**WHAT THE TASK ASKS:** Without the pictures, repeat the listing character for character.

**AVAILABLE DATA:**
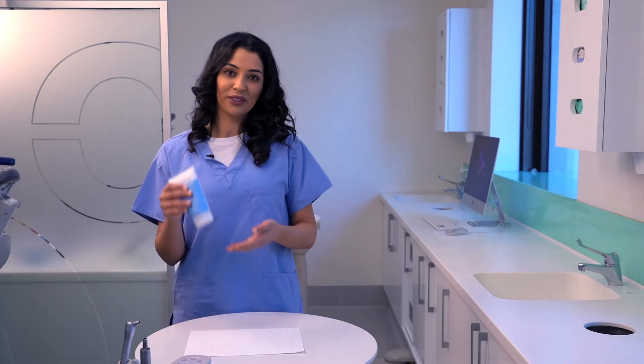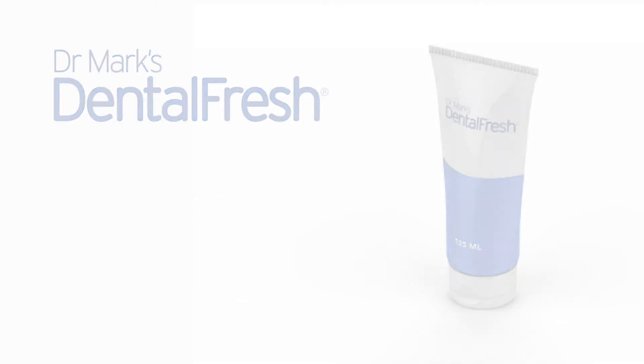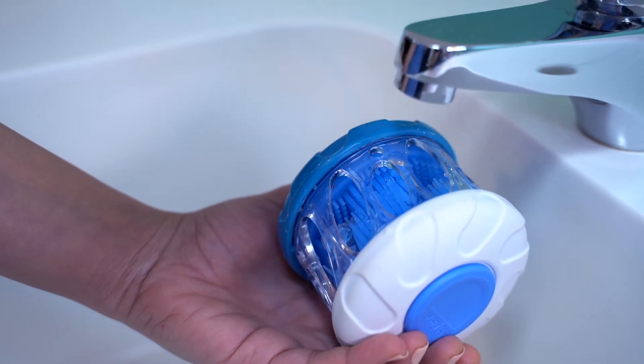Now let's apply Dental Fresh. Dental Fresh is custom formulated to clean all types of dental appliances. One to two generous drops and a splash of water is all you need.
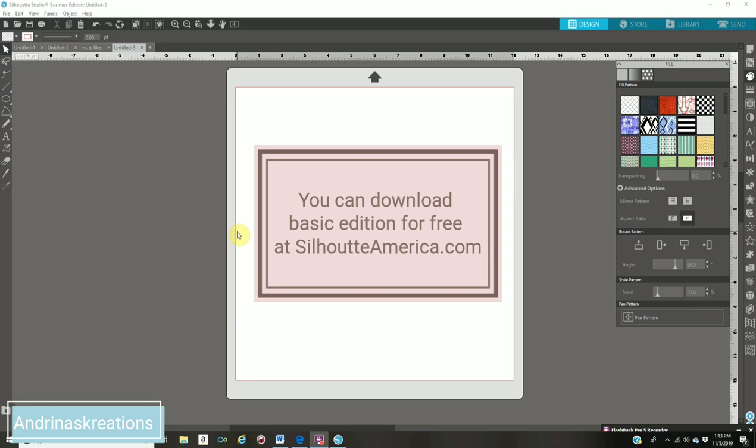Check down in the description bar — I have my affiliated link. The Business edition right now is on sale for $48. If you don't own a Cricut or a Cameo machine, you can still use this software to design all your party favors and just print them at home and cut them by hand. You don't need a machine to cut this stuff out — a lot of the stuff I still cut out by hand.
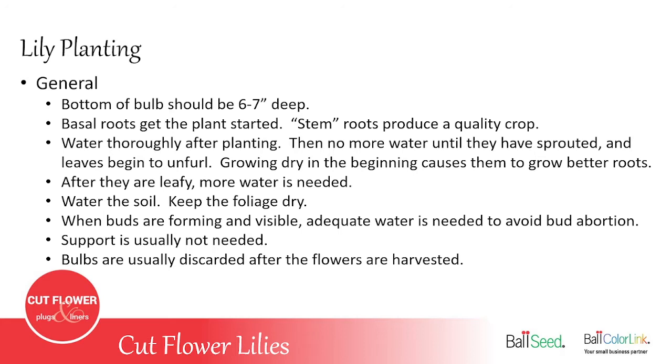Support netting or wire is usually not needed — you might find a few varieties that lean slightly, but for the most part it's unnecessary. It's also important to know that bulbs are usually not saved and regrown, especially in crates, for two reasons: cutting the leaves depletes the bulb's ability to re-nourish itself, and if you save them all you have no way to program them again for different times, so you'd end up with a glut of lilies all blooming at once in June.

**ANSWER TO THIS PROBLEM:**
Now let's apply Dental Fresh. Dental Fresh is custom formulated to clean all types of dental appliances. One to two generous drops and a splash of water is all you need.
Check down in the description bar — I have my affiliated link. The Business edition right now is on sale for $48. If you don't own a Cricut or a Cameo machine, you can still use this software to design all your party favors and just print them at home and cut them by hand. You don't need a machine to cut this stuff out — a lot of the stuff I still cut out by hand.
Support netting or wire is usually not needed — you might find a few varieties that lean slightly, but for the most part it's unnecessary. It's also important to know that bulbs are usually not saved and regrown, especially in crates, for two reasons: cutting the leaves depletes the bulb's ability to re-nourish itself, and if you save them all you have no way to program them again for different times, so you'd end up with a glut of lilies all blooming at once in June.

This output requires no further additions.